Fiesta: a Gaussian-basis GW and Bethe-Salpeter code

This is a very minimal Fiesta website. Namely, we are in construction ... Detailed features, benchmark calculations, examples, are "soon" to come, even though all this can be found in the related papers (see Publications list).

Fiesta ad minima. The Fiesta code implements the GW and Bethe-Salpeter formalisms using Gaussian bases and resolution-of-the-identity techniques (RI-SVS density and RI-V Coulomb metric). Dynamical screening contribution to the self-energy is explicitely accounted for through a contour deformation approach. Self-consistency on the wavefunctions is implemented at the static COHSEX level. Tamm-Dancoff approximation (TDA) or full Bethe-Salpeter calculations can be performed. The code presently reads input Kohn-Sham eigenstates from the open-source Siesta and NWChem packages so that all-electron or pseudopotential calculations can be performed with standard quantum chemistry bases or with the numerical orbitals generated by the Siesta package (requesting then a Gaussian fit of the radial part of the basis). Any DFT code dumping all Kohn-Sham eigenstates (occupied/unoccupied) expressed on a Gaussian basis, plus the exchange-correlation contribution to the Kohn-Sham eigenvalues, can be branched very straighforwardly onto the Fiesta code.

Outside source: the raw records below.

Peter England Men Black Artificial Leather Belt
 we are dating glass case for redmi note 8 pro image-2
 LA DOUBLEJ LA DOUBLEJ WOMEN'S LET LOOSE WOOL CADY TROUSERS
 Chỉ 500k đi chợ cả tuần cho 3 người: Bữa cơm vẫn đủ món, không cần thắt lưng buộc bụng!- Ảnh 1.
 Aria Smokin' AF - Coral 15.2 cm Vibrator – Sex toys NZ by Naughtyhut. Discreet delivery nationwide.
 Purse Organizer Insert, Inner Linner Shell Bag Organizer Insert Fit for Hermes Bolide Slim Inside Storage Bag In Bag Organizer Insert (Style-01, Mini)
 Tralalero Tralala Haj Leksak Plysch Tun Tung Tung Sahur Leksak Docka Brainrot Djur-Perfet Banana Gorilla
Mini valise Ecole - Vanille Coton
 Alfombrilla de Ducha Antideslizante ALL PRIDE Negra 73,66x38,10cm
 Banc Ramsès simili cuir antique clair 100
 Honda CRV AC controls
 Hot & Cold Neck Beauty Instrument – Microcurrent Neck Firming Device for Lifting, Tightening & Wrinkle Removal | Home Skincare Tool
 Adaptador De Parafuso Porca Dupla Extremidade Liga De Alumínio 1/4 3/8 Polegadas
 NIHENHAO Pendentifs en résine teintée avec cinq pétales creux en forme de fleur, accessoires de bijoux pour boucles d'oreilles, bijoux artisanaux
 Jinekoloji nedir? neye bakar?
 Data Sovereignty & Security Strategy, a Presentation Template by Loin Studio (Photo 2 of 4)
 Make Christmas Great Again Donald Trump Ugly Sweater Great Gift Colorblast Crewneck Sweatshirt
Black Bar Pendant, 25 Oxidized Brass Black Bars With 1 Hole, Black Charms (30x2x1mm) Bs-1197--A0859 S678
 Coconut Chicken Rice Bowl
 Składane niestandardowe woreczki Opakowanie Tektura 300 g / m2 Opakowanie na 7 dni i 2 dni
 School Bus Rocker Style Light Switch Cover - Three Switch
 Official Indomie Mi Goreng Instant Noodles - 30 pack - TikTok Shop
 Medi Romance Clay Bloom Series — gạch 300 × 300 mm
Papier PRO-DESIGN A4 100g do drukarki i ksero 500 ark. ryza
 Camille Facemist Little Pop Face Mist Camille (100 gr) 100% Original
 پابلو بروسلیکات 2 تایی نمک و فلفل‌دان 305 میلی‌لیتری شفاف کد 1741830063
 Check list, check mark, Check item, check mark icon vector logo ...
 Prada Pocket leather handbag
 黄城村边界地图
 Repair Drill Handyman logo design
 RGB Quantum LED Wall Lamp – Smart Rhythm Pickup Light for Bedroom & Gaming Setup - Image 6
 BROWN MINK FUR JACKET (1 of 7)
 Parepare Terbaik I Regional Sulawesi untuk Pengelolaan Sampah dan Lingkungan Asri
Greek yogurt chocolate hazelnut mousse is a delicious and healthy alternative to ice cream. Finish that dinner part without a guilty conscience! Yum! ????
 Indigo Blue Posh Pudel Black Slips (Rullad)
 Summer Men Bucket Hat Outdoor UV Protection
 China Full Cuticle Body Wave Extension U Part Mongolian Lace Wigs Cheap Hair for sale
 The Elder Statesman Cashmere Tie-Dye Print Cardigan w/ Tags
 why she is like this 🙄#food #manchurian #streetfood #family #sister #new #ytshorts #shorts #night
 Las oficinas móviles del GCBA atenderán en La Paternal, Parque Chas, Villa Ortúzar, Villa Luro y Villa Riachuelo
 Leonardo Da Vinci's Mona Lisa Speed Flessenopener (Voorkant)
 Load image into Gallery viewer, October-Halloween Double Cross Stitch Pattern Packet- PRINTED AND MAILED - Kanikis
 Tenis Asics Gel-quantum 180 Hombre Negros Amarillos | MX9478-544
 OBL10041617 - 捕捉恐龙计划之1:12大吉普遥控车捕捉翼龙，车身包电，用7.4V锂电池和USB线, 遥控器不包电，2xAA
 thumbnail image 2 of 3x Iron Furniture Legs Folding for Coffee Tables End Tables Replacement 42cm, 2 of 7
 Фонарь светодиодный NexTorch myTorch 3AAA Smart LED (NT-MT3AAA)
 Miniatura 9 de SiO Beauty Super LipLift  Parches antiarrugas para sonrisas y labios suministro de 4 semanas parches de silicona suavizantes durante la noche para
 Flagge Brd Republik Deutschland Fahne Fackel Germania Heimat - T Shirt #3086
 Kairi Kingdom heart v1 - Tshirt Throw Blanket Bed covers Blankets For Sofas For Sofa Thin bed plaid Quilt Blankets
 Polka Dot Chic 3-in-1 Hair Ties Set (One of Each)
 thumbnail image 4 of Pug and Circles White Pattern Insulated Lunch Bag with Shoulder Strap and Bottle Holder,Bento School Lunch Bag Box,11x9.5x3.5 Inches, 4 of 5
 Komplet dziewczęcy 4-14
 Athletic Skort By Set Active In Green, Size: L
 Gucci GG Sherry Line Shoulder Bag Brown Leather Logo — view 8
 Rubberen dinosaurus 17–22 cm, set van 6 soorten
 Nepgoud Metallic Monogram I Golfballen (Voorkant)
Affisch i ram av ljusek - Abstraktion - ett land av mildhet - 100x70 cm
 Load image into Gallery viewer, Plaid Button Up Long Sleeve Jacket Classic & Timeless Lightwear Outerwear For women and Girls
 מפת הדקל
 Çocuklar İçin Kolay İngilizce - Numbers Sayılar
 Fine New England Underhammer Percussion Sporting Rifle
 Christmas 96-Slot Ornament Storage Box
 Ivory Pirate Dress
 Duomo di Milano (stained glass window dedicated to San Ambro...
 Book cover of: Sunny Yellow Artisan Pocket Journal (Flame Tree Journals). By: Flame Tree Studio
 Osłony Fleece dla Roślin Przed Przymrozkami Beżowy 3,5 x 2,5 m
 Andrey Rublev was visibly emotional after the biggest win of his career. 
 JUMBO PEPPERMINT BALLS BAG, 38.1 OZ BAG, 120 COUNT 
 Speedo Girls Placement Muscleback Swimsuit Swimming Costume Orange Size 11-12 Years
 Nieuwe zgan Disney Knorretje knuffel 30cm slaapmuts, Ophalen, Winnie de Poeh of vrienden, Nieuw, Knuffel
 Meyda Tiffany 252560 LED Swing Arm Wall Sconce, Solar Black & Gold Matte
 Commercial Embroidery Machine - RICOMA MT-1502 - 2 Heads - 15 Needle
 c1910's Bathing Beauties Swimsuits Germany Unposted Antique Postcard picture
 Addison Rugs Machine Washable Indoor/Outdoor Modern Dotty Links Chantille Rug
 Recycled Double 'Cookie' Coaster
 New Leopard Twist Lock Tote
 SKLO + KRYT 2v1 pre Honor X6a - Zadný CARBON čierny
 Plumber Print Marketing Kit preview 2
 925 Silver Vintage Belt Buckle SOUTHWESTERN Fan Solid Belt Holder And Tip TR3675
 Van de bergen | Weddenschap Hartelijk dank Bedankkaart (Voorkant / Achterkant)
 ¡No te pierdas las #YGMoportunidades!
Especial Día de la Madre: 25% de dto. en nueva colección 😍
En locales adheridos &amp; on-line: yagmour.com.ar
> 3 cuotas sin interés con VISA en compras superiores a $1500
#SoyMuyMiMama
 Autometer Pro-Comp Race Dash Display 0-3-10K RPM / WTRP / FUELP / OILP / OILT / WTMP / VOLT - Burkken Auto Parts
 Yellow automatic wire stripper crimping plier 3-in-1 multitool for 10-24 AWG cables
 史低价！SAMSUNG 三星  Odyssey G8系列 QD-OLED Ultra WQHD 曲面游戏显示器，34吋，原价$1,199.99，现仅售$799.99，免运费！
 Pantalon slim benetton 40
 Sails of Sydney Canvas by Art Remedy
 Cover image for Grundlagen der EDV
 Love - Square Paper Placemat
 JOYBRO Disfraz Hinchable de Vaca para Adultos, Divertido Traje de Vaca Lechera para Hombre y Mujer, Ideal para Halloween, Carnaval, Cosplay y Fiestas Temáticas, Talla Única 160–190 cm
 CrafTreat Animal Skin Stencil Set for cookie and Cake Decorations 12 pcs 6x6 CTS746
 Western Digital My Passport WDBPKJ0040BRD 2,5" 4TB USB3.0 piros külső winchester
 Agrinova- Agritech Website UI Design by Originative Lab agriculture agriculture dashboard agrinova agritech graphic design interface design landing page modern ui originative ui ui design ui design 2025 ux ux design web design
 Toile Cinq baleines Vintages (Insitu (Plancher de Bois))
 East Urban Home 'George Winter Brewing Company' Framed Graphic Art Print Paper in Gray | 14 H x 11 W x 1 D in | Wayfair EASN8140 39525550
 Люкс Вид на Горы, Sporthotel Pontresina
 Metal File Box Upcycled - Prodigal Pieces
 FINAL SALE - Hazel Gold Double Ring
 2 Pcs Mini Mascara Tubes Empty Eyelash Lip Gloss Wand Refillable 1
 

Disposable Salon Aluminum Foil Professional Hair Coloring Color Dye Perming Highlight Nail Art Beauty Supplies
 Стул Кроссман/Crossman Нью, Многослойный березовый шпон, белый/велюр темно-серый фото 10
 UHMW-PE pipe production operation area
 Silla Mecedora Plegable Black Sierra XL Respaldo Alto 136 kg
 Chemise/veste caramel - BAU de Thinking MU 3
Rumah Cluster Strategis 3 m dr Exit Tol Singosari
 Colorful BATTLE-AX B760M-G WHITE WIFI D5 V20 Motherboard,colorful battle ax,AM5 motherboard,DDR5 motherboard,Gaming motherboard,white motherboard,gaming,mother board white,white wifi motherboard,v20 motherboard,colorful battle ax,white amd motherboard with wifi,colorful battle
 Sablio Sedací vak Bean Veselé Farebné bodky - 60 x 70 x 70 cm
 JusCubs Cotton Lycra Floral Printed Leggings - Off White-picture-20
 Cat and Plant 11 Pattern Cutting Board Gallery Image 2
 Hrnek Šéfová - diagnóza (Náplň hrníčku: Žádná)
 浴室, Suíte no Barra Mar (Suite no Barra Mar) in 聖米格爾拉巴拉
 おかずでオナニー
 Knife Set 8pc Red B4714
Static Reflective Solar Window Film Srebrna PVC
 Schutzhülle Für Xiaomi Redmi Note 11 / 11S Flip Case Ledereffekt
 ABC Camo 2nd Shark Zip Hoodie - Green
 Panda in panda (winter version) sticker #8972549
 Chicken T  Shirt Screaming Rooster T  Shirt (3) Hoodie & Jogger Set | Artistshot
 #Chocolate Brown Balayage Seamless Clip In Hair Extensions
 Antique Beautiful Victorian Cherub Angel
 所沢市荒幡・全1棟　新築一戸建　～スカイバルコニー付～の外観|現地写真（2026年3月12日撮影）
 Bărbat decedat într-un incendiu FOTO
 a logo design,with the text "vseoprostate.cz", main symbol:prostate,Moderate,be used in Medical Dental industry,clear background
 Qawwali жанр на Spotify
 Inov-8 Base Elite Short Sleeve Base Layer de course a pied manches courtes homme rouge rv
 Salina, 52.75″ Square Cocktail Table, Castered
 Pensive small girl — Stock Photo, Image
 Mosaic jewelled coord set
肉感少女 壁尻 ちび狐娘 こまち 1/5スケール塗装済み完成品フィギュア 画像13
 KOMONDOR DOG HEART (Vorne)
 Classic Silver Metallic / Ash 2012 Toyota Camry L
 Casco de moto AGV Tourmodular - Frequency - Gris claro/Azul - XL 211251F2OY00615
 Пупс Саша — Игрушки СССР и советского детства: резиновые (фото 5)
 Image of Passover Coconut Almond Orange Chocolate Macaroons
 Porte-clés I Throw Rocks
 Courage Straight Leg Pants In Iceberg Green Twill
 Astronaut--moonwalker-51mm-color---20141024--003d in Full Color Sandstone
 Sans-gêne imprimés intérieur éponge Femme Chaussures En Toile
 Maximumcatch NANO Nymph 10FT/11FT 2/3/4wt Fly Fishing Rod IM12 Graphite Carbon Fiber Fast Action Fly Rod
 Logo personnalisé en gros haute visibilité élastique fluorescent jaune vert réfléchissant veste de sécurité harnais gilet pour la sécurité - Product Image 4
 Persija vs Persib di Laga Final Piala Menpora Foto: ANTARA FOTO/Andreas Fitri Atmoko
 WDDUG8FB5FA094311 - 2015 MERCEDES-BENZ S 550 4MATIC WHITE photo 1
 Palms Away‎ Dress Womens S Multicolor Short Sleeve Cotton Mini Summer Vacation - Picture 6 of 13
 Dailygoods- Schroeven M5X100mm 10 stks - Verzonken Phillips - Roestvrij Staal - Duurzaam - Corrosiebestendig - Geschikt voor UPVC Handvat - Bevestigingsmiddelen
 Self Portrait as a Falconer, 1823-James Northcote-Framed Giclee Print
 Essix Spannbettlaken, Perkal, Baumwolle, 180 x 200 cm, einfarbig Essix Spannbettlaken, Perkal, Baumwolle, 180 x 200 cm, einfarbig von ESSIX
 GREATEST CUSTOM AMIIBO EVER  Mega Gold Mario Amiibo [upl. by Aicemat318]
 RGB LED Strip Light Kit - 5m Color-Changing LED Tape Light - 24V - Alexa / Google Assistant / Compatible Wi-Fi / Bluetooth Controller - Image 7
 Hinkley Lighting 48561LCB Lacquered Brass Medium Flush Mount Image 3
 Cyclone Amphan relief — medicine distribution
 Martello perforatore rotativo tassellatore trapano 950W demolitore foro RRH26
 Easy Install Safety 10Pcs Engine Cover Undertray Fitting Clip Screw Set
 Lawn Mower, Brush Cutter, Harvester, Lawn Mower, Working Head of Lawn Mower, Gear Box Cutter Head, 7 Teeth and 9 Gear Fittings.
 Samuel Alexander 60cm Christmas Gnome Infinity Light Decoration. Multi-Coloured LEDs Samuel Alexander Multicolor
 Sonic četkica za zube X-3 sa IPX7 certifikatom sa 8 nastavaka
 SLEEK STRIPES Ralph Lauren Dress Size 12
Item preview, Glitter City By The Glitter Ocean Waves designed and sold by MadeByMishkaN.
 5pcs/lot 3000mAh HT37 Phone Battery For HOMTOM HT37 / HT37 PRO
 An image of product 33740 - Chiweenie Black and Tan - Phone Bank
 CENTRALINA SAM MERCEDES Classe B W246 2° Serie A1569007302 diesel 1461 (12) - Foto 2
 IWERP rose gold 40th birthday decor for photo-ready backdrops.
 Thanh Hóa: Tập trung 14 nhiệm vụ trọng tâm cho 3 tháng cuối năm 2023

The Fiesta code now implements continuous polarizable models (PCM) and is merged with the Mescal Discrete Polarizable Model (DPM) [see: D'Avino et al., JCTC 2014] so as to provide embedded GW and Bethe-Salpeter QM/MM formalisms.

Not started yet: periodic boundary conditions. As it stands, Fiesta allows only finite size systems (clusters, molecules) calculations.

Fiesta is not yet an open-source package freely distributed, even though it is shared by a few academic friendly partners.

The Fiesta code is written in F90/MPI. It was initially developed having in mind to run GW/BSE calculations for moderate size systems (~100 atoms) on a standard desk PC (e.g. 8 cores/32 Go) with a reasonable basis (e.g. 6-311G**). If you happen to have access to larger computers, the code has been shown to sustain excellent scaling up to several thousand cores, allowing GW/BSE calculations on several hundred atoms with e.g. aug-cc-pvtz quality basis.       Left image: Performance of one GW iteration for one or two fullerenes (RI-SVS metric, DZP basis). The processor grid size varies from 16 to 61440 cores. 138 TeraFlops were reached for the largest grid (European PRACE project, Ivan Duchemin, L_sim/INAC/CEA/Grenoble).